Notre troisième sujet de fâcherie surgit quand il s'avéra que Mme D. n'avait jamais régularisé le rachat pour un euro symbolique d'une partie du bien auprès de la copropriété. En conséquence, ma notaire m'informa qu'il me reviendrait de régulariser la situation non plus pour un euro symbolique, mais à la valeur vénale (et conséquente) du bien. Là encore, Mr de V. trouvait que je me formalisai pour pas grand-chose.

Nous atteignîmes le point de non retour lorsque ma notaire, toujours elle, me communiqua, avec le projet de compromis, le devis qui concernait les travaux "bénins" liés à la fissure. Le devis mentionnait la réfection des canalisations et des fondations de l'immeuble (l'appartement étant au rez-de-chaussée, merci  !) et s'élevait à la modique somme de 408 000 euros dont une part non négligeable serait à ma charge.

Après consultation de mes parents pour être sûre de ne pas faire une  grosse bêtise, j'informai ma notaire que je me rétractai et adressai un mail poli à Mr deV. pour l'informer de ma décision et mettre un terme à nos relations.

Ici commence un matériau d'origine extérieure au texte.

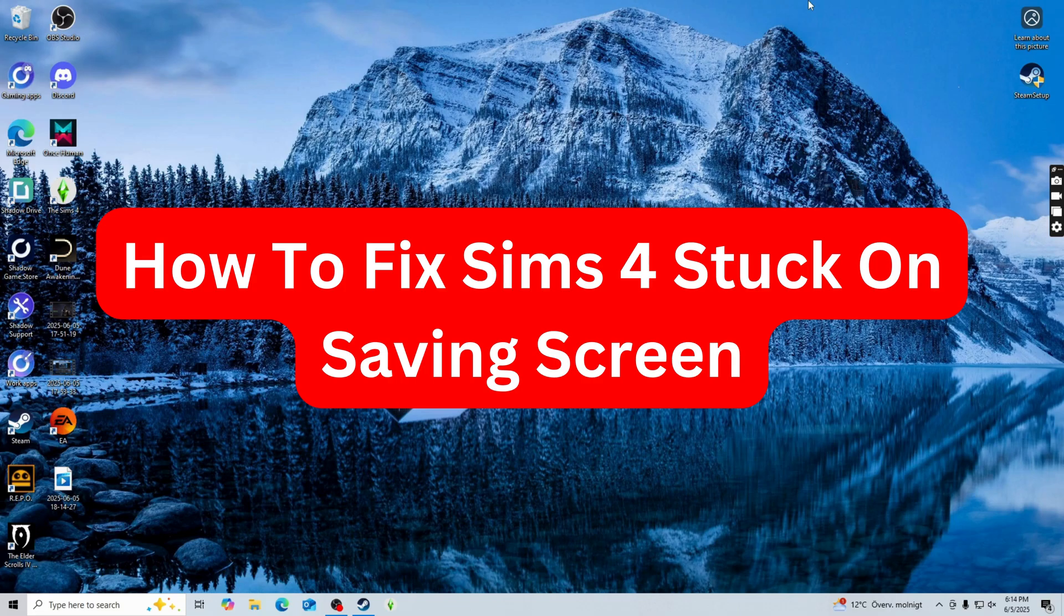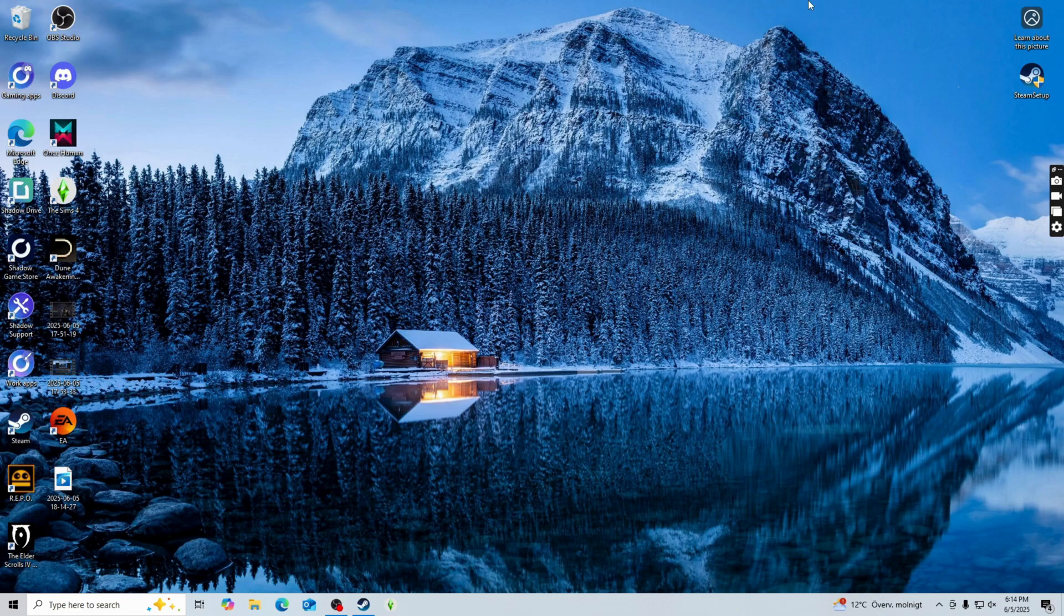Hello everybody and welcome back to Yalan app. In this video I'm going to show you a step-by-step guide on exactly how I was able to fix Sims 4 stuck on saving screen.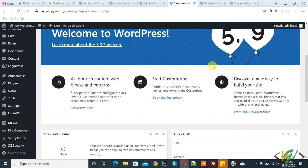Bismillahirrahmanirrahim. Assalamu alaykum, my name is Hassan. Today we will force users to login first before interacting with the website. Before starting work, it's my request: please subscribe to my channel. Thank you. Now back to our work.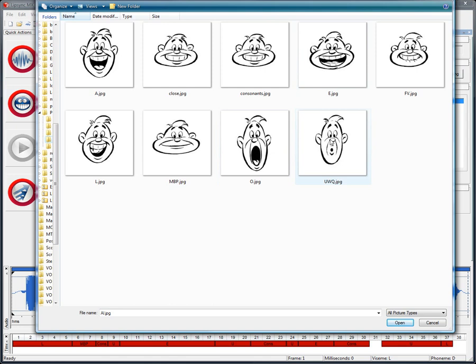Then we have the consonants, used for the vast majority of the consonants. We have a very good example of the FV position, where we can really see the lower lip being compressed by the biting of the upper teeth.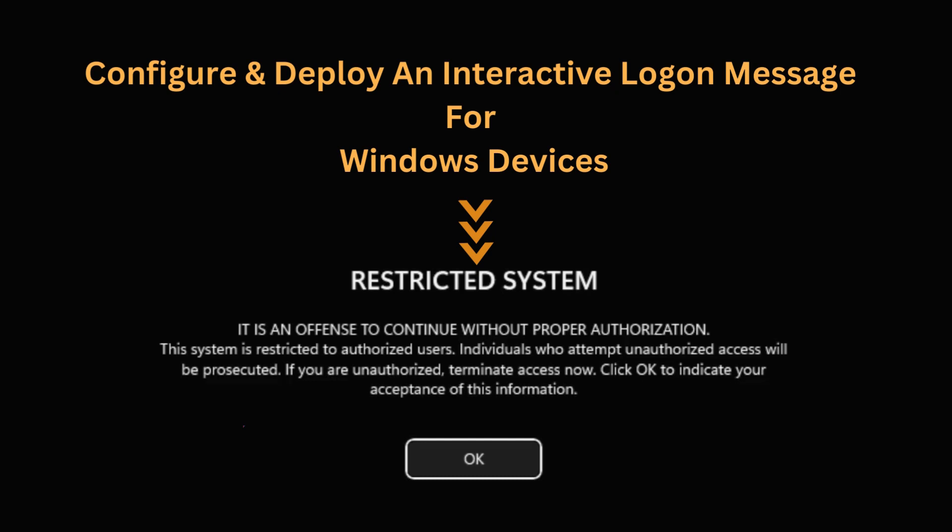Implementing this policy enhances communication with users, delivers important information, and strengthens overall security awareness.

Mr de V. s'est senti offensé. Il m'a fait une véritable scène au point que le doute m'a envahi. Aurais-je largué Mr de V. sans m'en rendre compte ? Parait que je lui ai tourné le dos. Parait que je l'ai planté. Comment ai-je lui faire ça ? Après tout ce qu'il a fait pour moi.  Il m'a juré que jamais je ne retrouverai un bien pareil. Honnêtement, j'espère bien.